ZK-EVM proofs are probably the trickiest part, and a live ZK-EVM prover will probably require more powerful hardware than an archive node, even with advances like Binius, and worst-case bounds on multidimensional gas. We could work on a distributed proof network where each node takes on the responsibility of proving, say, one percent of block execution, and then the block producer only needs to aggregate a hundred proofs at the end. Proof aggregation trees could help more. But if that doesn't work well, then another compromise would be to allow the hardware requirements for proofs to get higher, but ensure that the "node that does everything" can directly verify Ethereum blocks (without proving) fast enough to effectively participate in the network.

Summarize

I think Ethereum thinking in 2021 is really used to shifting responsibility to a few large players, as long as there is some market mechanism or zero-knowledge proof system to force centralized players to act honestly. Such systems usually work well in the average case, but fail catastrophically in the worst case.

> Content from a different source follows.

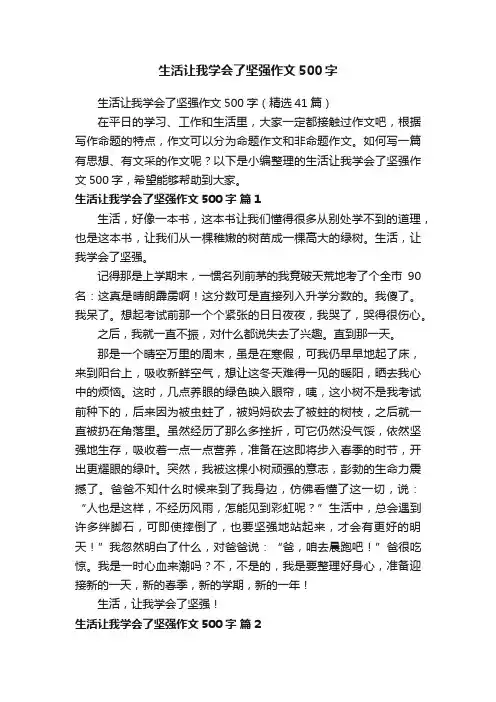 生活让我学会了坚强作文500字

At the same time, I think it’s important to emphasize that current Ethereum protocol proposals have moved significantly away from this model and are taking the need for a truly decentralized network much more seriously. Ideas around stateless nodes, MEV mitigation, single-slot finality, and similar concepts have gone further in this direction. A year ago, the idea of ​​data availability sampling via relays acting as semi-centralized nodes was seriously considered. This year, we’ve moved away from the need to do any of that, and PeerDAS has made surprisingly strong progress.

However, there are a lot of things we can do to go further in this direction on all three of the central issues I talked about above, as well as many other important issues. Helios has made great progress in providing a “true light client” for Ethereum. Now we need to include it by default in Ethereum wallets, and have RPC providers provide proofs and their results so that they can be verified, and extend light client technology to layer 2 protocols. If Ethereum scales via a Rollup-centric roadmap, layer 2 needs to get the same security and decentralization guarantees as layer 1. There are many other things we should take more seriously in a Rollup-centric world; decentralized and efficient cross-L2 bridges are one of many examples. Many dapps get their logs through centralized protocols because Ethereum’s native log scanning has become too slow. We can improve this with dedicated decentralized sub-protocols; here is one of my suggestions on how to do this.

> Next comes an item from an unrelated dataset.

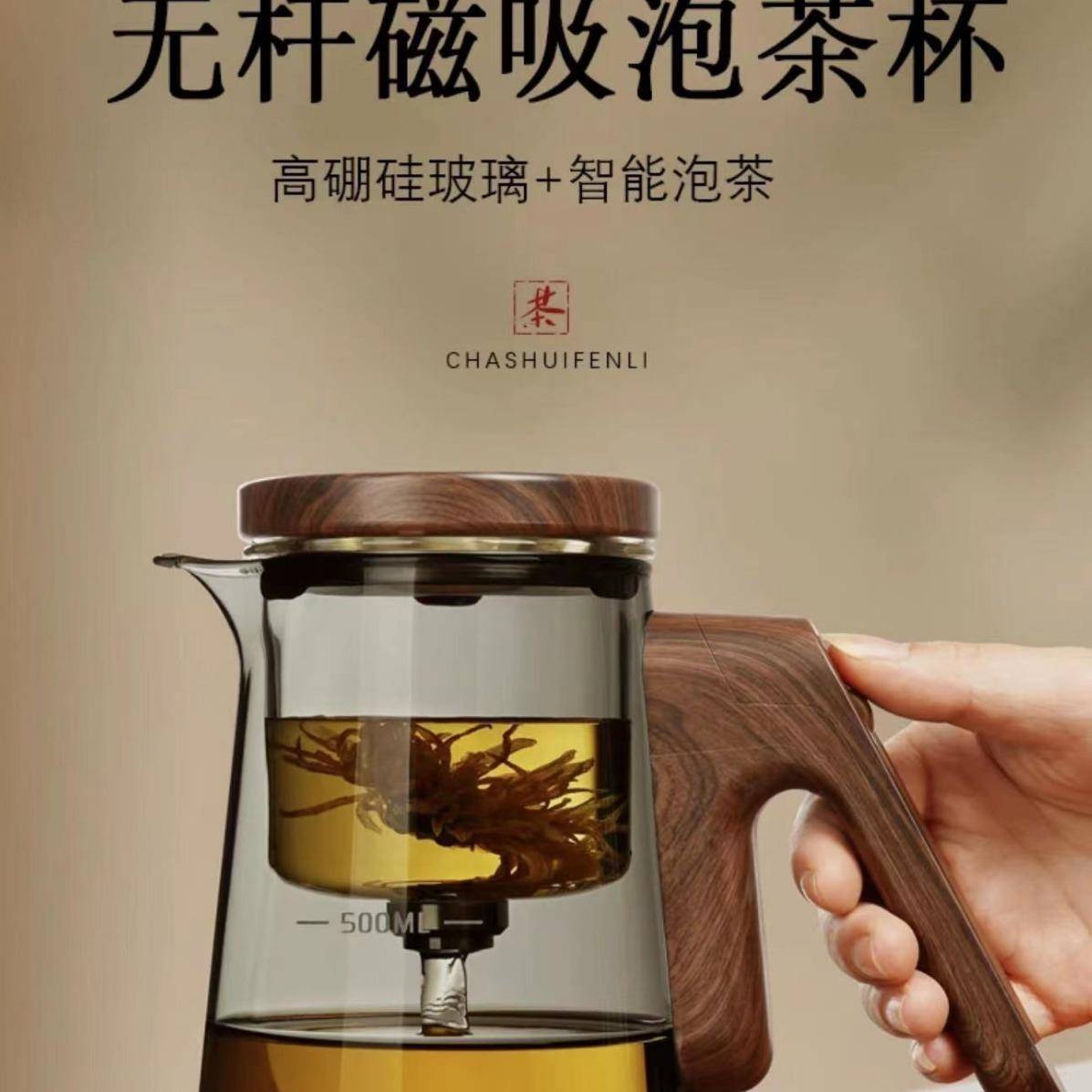 顶壶中无杆滑动磁吸泡茶壶全玻璃内胆家用过滤飘逸杯懒人泡茶神器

There are an almost infinite number of blockchain projects targeting the “we can be super fast, we’ll think about decentralization later” market. I don’t think Ethereum should join the party. Ethereum L1 can and certainly should be a strong base layer for layer 2 projects that take a hyperscale approach, using Ethereum as a backbone for decentralization and security. Even a layer 2-centric approach requires that layer 1 itself be scalable enough to handle large volumes of operations. But we should deeply respect the features that make Ethereum unique, and continue to work to maintain and improve those features as Ethereum scales.